In Nancy Hass’s New York Times profile of producer Scott Rudin (Sunday, 11.7), it’s reported that Rudin “has told a few insiders that he has been offered the top job at Miramax.” Whoa…where did that come from? Is this for real, or is Rudin making a point? “I know that movies are basically meant to be entertainment, but I’m not that interested in entertainment,” Rudin (Closer, The Life Aquatic with Steve Zissou) also tells Hass. She also writes, “[Rudin] claims to be driven by what he calls a ‘hugely romantic view of talent’ and the need, at least sometimes, to say ‘something absolutely worthwhile.'”
And yet Hass’s piece also includes a coded journalistic reference to Rudin’s next two adult-themed films, Closer and the Life Aquatic with Steve Zissou. “Whether Closer, with its searing look at relationships and adultery, or the zany Aquatic, directed by Wes Anderson and starring Bill Murray, will combine emotional depth with box-office magic remains to be seen.” The meaning of the phrase “remains to be seen” is New York Times-ese for “they don’t quite hit the mark.” I’m not saying this is the case (and I hope it’s not), but I know all about namby-pamby Times tippy-toeing.

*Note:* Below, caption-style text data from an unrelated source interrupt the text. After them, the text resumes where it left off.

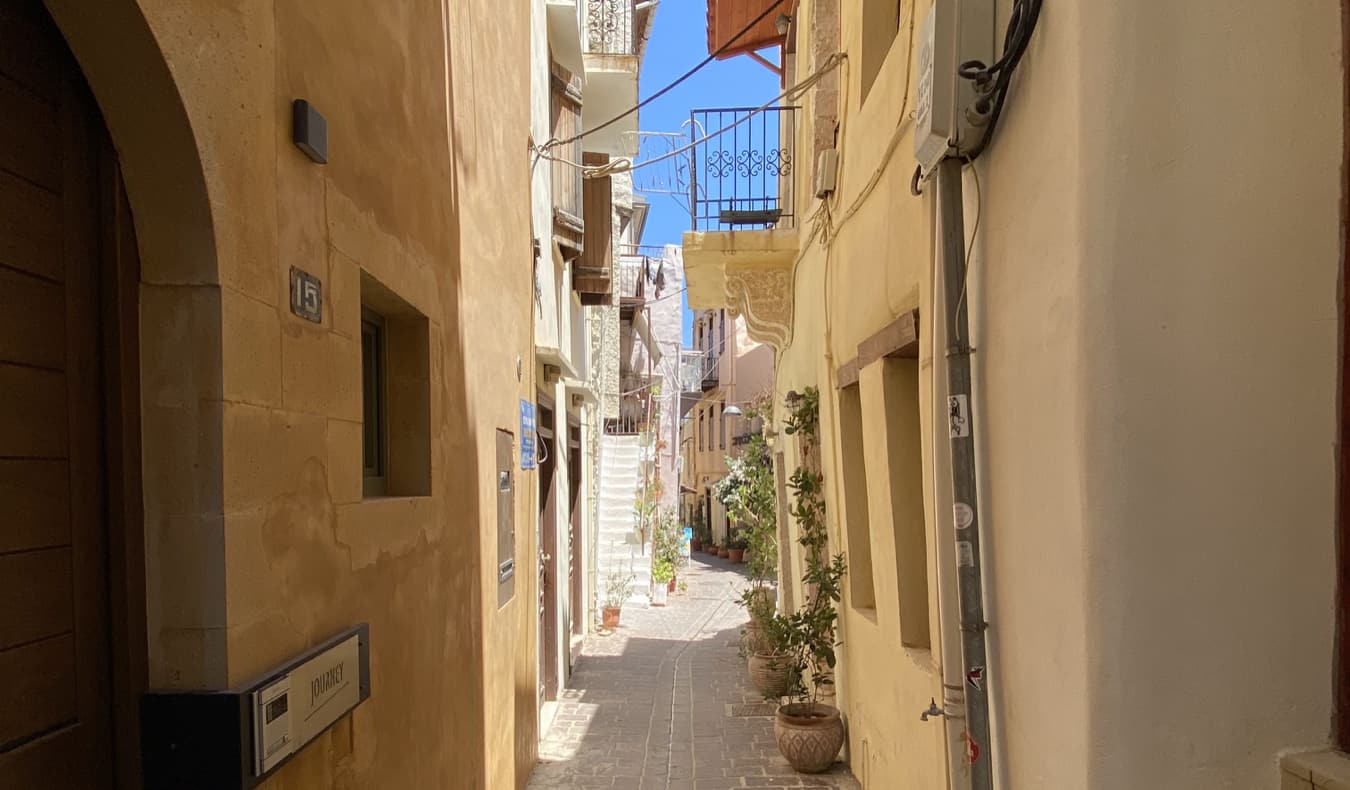 A narrow alley in Crete, Greece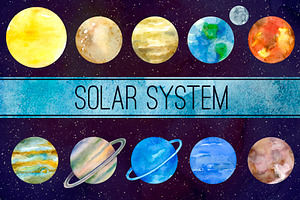 Solar system Watercolor clipart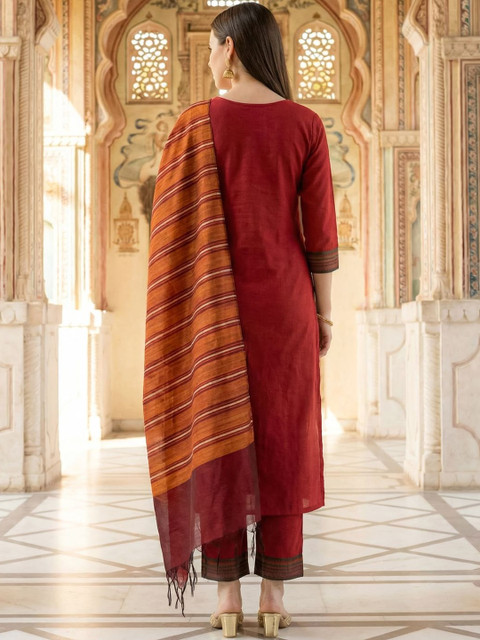 Indo Era Striped Art Silk Dupatta with Sequinned - Image 3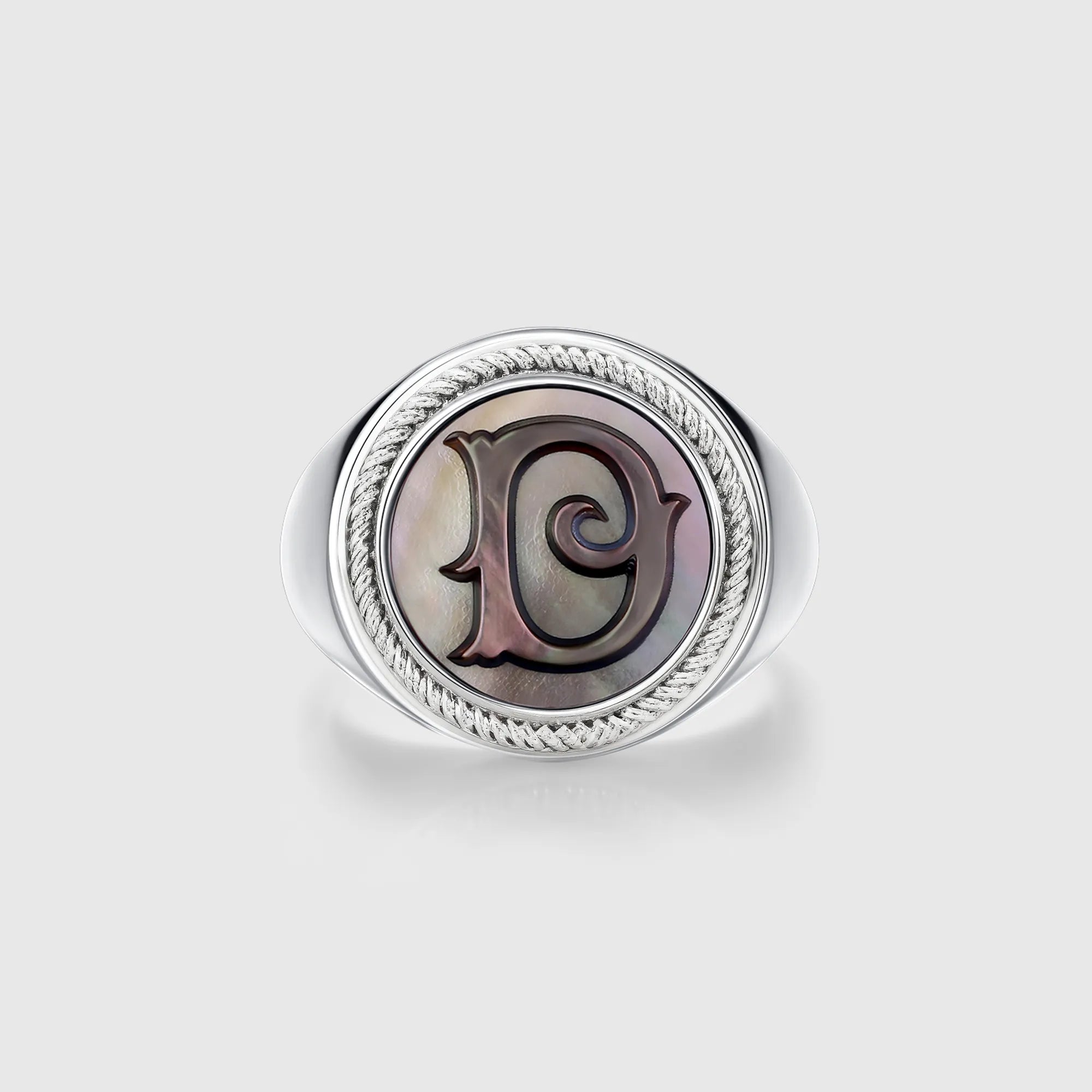 Personalized initial ring jewelry, shown on a 925 sterling silver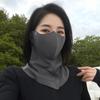 UV Protection Sunscreen Mask Solid Color Sunscreen Face Scarf Elastic Ice Silk Mask  Windproof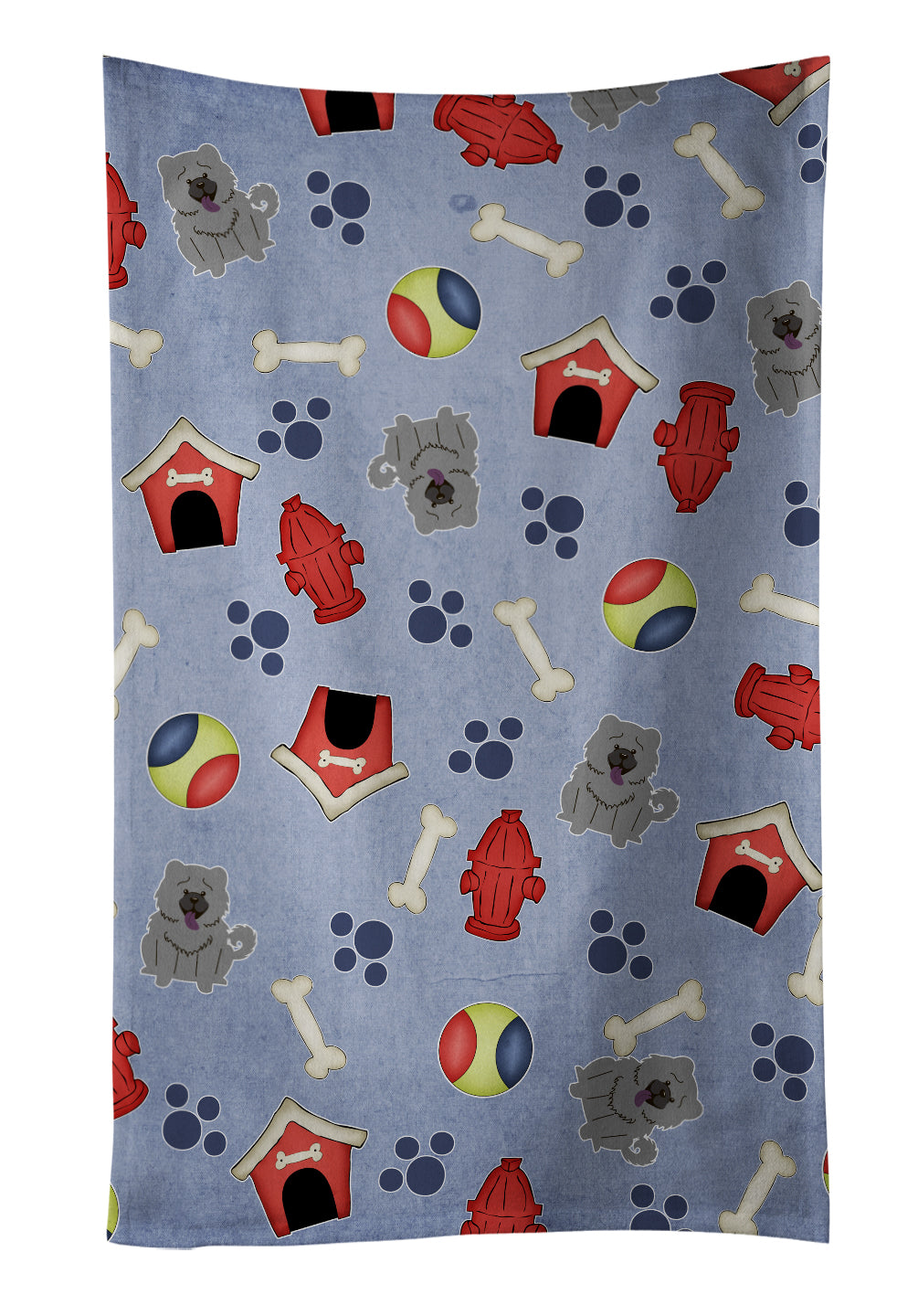 Dog House Collection Chow Chow Blue Kitchen Towel BB2752KTWL - the-store.com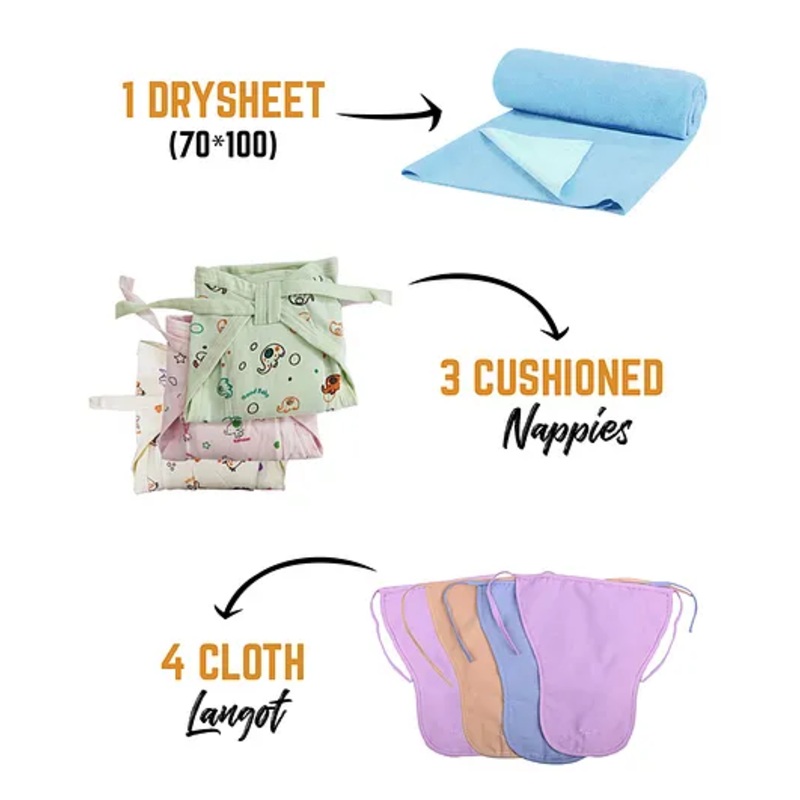 Moms Home Baby Care Nappy Combo Pack of 13 - Multicolour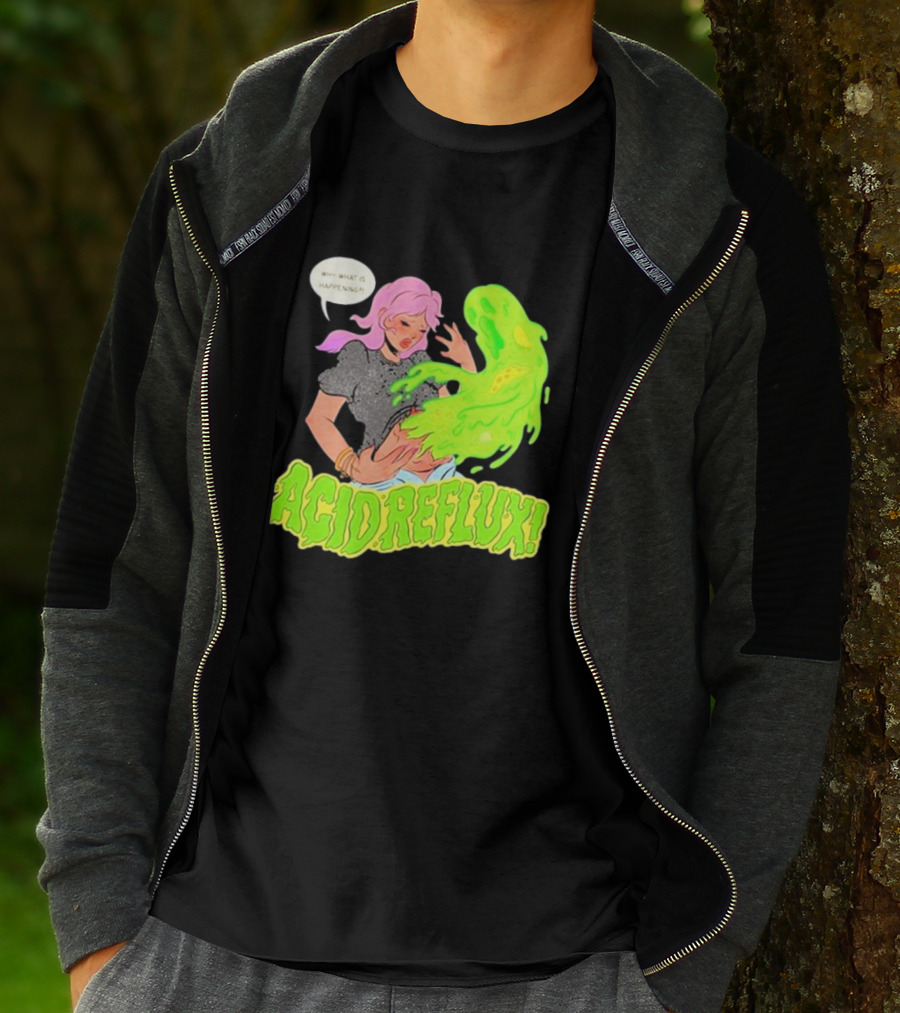 Acid Reflux Wh What Is Happening Comic Style Green Monster T-Shirt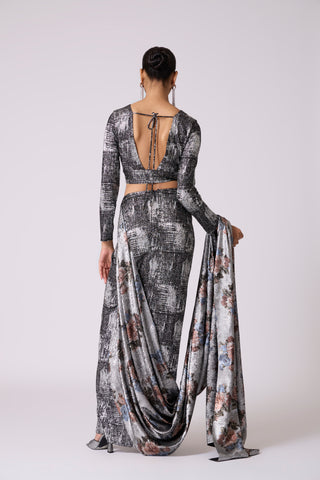 Eliza Saree with Blouse - Black & Silver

Four early observations on Oliver Stone’s Alexander (Warner Bros., 11.24), which screened for junket press on Saturday, 11.6: (1) Val Kilmer steals the movie in the role of Phillip of Macedon, Alexander’s warrior father, which is good for Kilmer — this will counter-balance his playing the prophet Moses on stage in that bizarre Ten Commandments musical; (2) There’s a pronounced gay love element in the film — Colin Farrell’s Alexander and Jared Leto’s Hephaestion characters, both “very pretty” and said to be “madly in love with each other,” according to one viewer (one should quickly add that sexual closeness between male warriors in ancient Greece was a different equation than a generic gay relationship today); (3) This aspect may encounter resistance with red-state audiences, especially given the virulent red-state rejections of gay-marriage initiatives, plus the general homophobic current in Bubbaland; and (4) the strongest political echo isn’t in the gay behavior, but, in the view of one major critic, in the notion of “a leader from a priveleged family with a powerful father who goes off and conquers middle-eastern territories.”